* [WORK INSTRUCTION] Repeat the listing word for word, but skip any pictures.

* [DATASET EXCERPT]

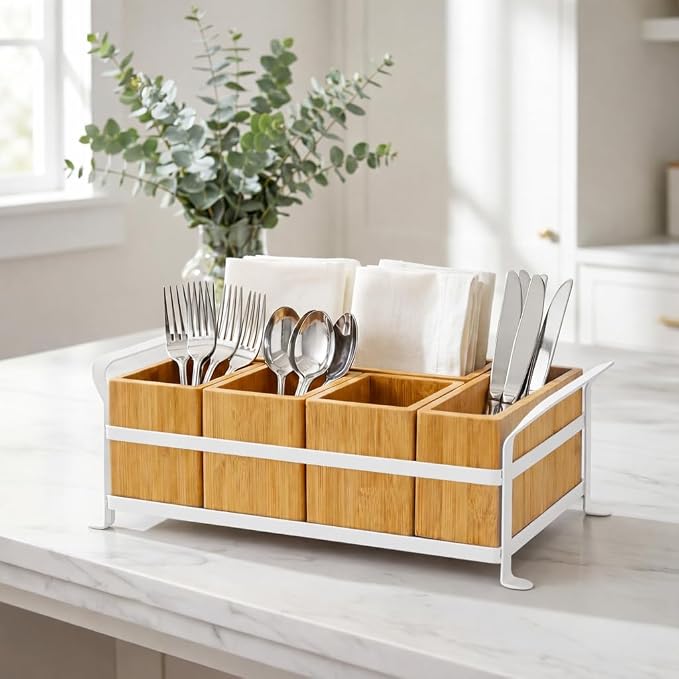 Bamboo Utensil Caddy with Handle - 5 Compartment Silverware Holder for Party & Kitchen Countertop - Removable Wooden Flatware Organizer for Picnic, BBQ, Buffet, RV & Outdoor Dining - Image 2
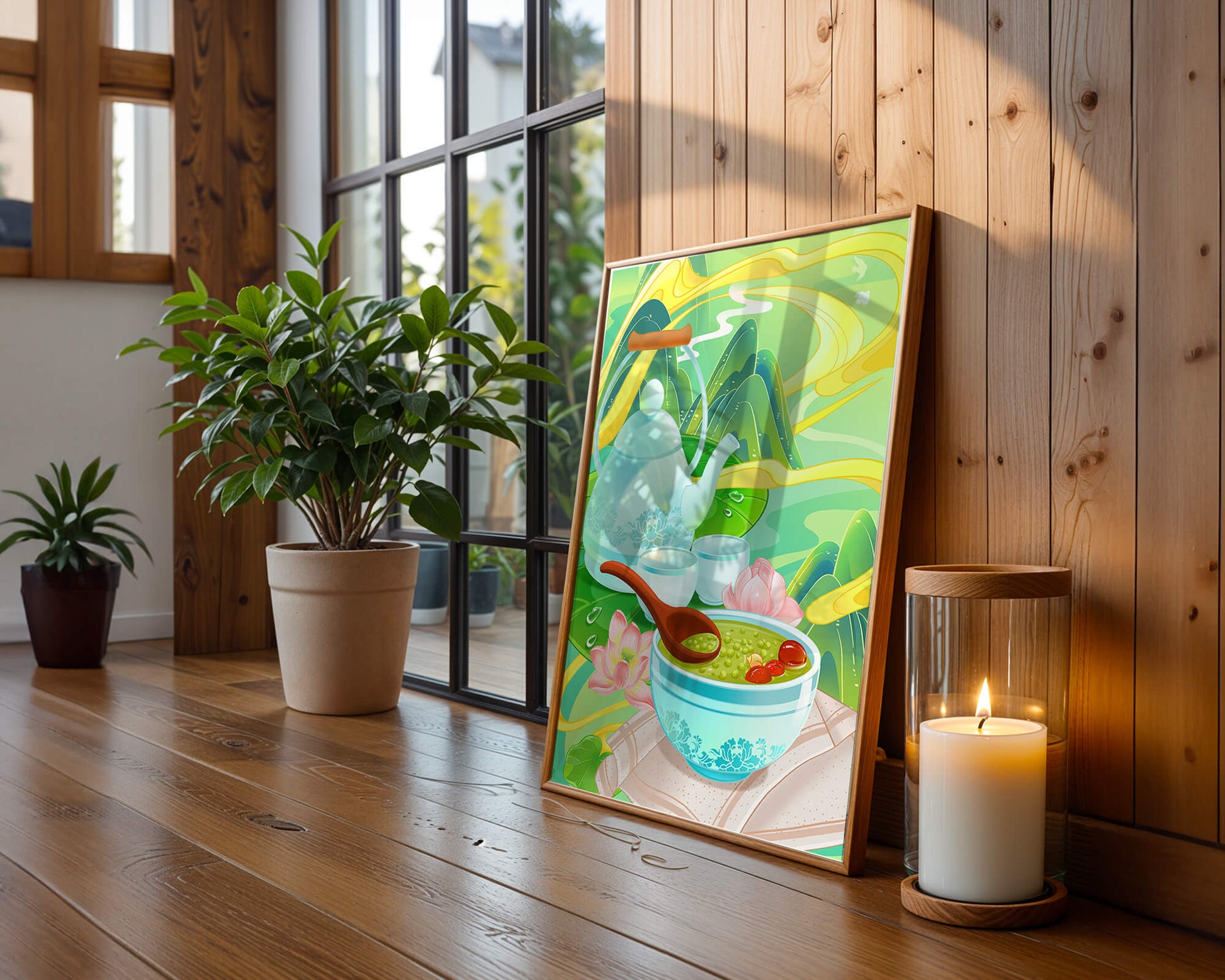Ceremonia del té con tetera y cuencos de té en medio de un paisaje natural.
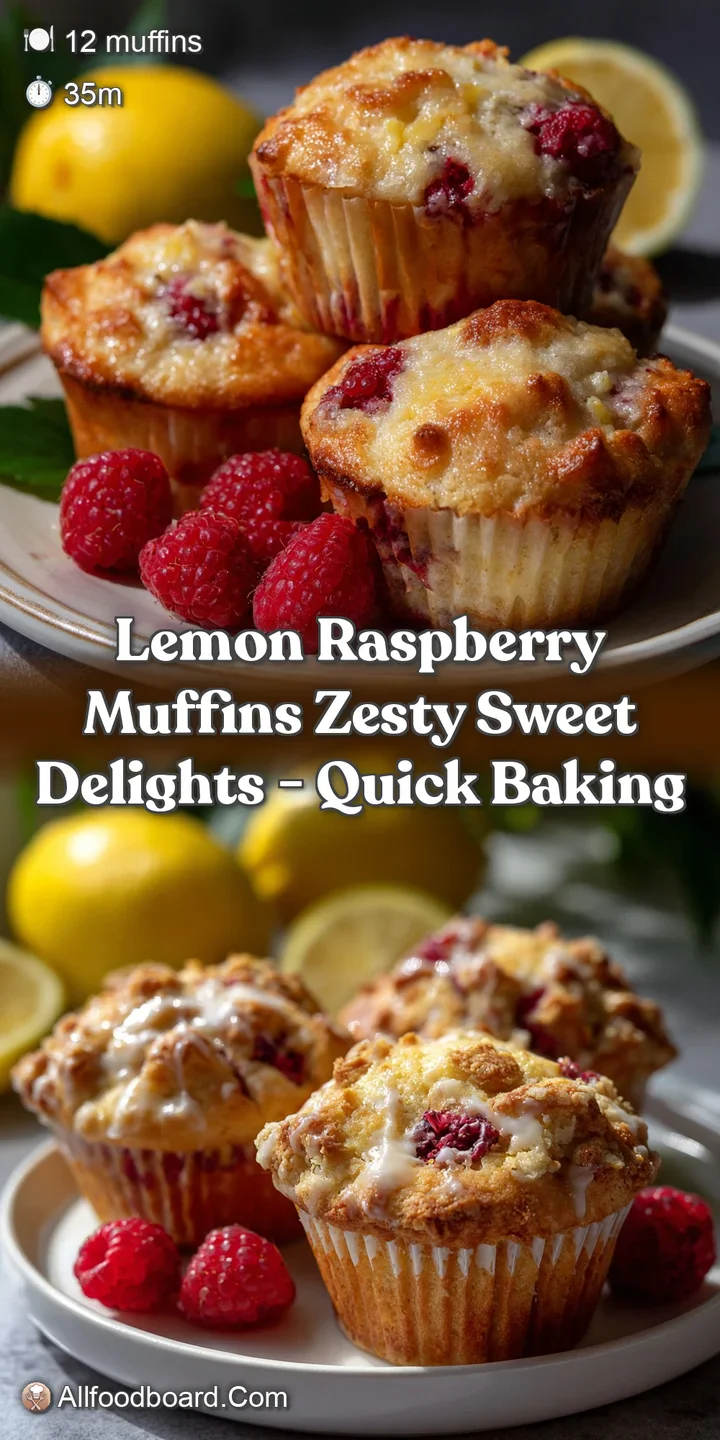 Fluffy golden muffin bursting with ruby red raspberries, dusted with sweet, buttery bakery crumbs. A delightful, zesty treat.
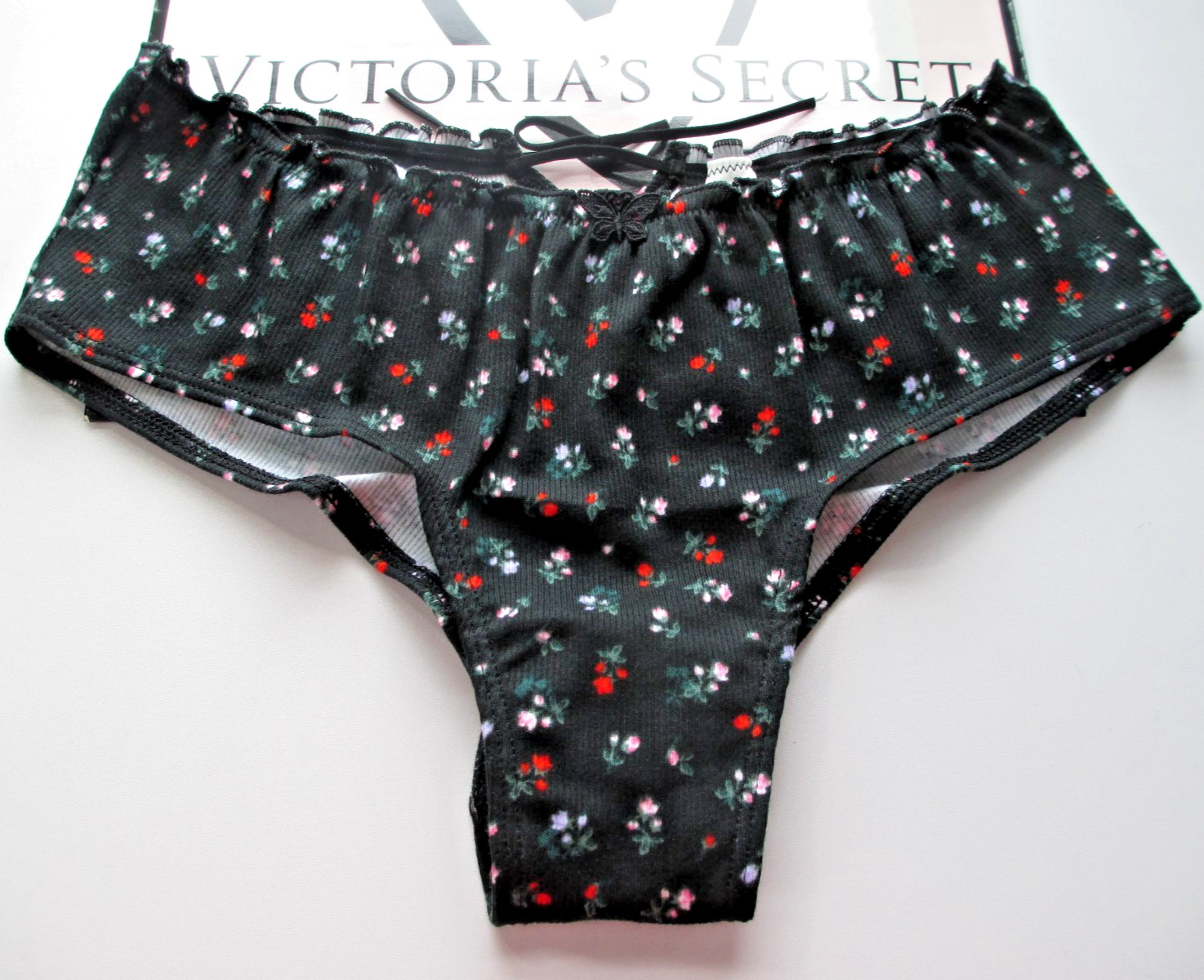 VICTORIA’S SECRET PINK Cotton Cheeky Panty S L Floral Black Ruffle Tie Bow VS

* [ANSWER SECTION]
 Bamboo Utensil Caddy with Handle - 5 Compartment Silverware Holder for Party & Kitchen Countertop - Removable Wooden Flatware Organizer for Picnic, BBQ, Buffet, RV & Outdoor Dining - Image 2
Ceremonia del té con tetera y cuencos de té en medio de un paisaje natural.
 Fluffy golden muffin bursting with ruby red raspberries, dusted with sweet, buttery bakery crumbs. A delightful, zesty treat.
 VICTORIA’S SECRET PINK Cotton Cheeky Panty S L Floral Black Ruffle Tie Bow VS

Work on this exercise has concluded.